Saturday, December 7, 2024
Saturday, December 7, 2024
HomeTop NewsGovt to increase gas prices by 45% amid IMF’s Demand

Govt to increase gas prices by 45% amid IMF’s Demand

The government of Pakistan is gearing up to raise gas prices by more than 45 per cent, following the recent increase in electricity rates. This move comes in response to the demands of the International Monetary Fund (IMF), according to reports.

As part of the agreement with the IMF, the Pakistani authorities have shared their plan for the proposed gas price hike. The IMF has stressed the importance of not delaying the increase in gas tariffs, as it plays a crucial role in reducing the country’s circular debt۔

The International Monetary Fund has set a deadline for the federal cabinet to approve the Circular Debt Management Plan 2024 by the end of July. The plan’s timely approval is essential for the assessment of the institutions’ performance, which cannot be reviewed under the Circular Debt Management Plan 2023.

It is anticipated that the new Circular Debt Management Plan will include measures to address the massive circular debt of Rs. 392 billion. The IMF has specifically urged Pakistan to freeze the power sector’s circular debt at Rs. 2,374 billion and devise a comprehensive 10-year plan to effectively repay the sector’s debt.

The circular debt has been a longstanding economic issue in Pakistan, contributing to financial challenges in the energy sector. Circular debt refers to the accumulation of unpaid bills and liabilities among energy generation, distribution, and transmission companies. This accumulation occurs due to the government’s inability to fully cover the costs of energy production and subsidies, leading to a significant financial burden on the sector.

By raising gas prices and implementing a detailed debt management plan, Pakistan aims to address the circular debt problem and fulfill its obligations to the IMF. The IMF’s assistance and support are crucial for the country to overcome its economic challenges and stabilize its financial situation.

However, it is important to consider the potential impact of the gas price hike on consumers and businesses. A substantial increase in gas prices could lead to higher costs for households and industries, affecting the overall cost of living and potentially causing inflationary pressures.

The government must strike a delicate balance between meeting the IMF’s demands and safeguarding the interests of its citizens and businesses. Measures should be taken to mitigate the impact of the gas price hike on vulnerable populations, ensuring that they have access to essential utilities at reasonable rates.

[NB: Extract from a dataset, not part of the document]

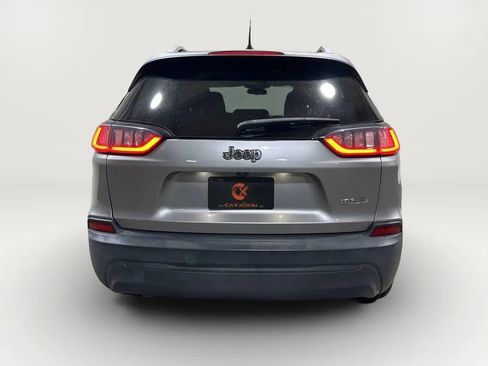 Used 2019 Jeep Cherokee Latitude w/ Popular Appearance Group FWD image 13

In addition, it is imperative for the government to address the root causes of circular debt to prevent its reemergence in the future. This may involve improving energy infrastructure, enhancing revenue collection mechanisms, and implementing efficient energy policies that promote sustainability and financial viability.

Furthermore, transparency and accountability in the energy sector are essential to building trust with both international lenders like the IMF and the domestic population. Ensuring that funds allocated for energy are used judiciously and that reforms are effectively implemented will be crucial in gaining support and cooperation from all stakeholders.

Read more: IMF Urges Pakistan to Impose Taxes on Real Estate and Agriculture for Revenue Generation

In conclusion, Pakistan’s decision to raise gas prices by over 45 per cent in line with the IMF’s demand is a significant step towards addressing the circular debt issue in the country’s energy sector. However, the government must be cautious in implementing these changes to minimize adverse effects on its citizens and businesses. A comprehensive and sustainable debt management plan, along with long-term structural reforms, will be vital in achieving economic stability and growth.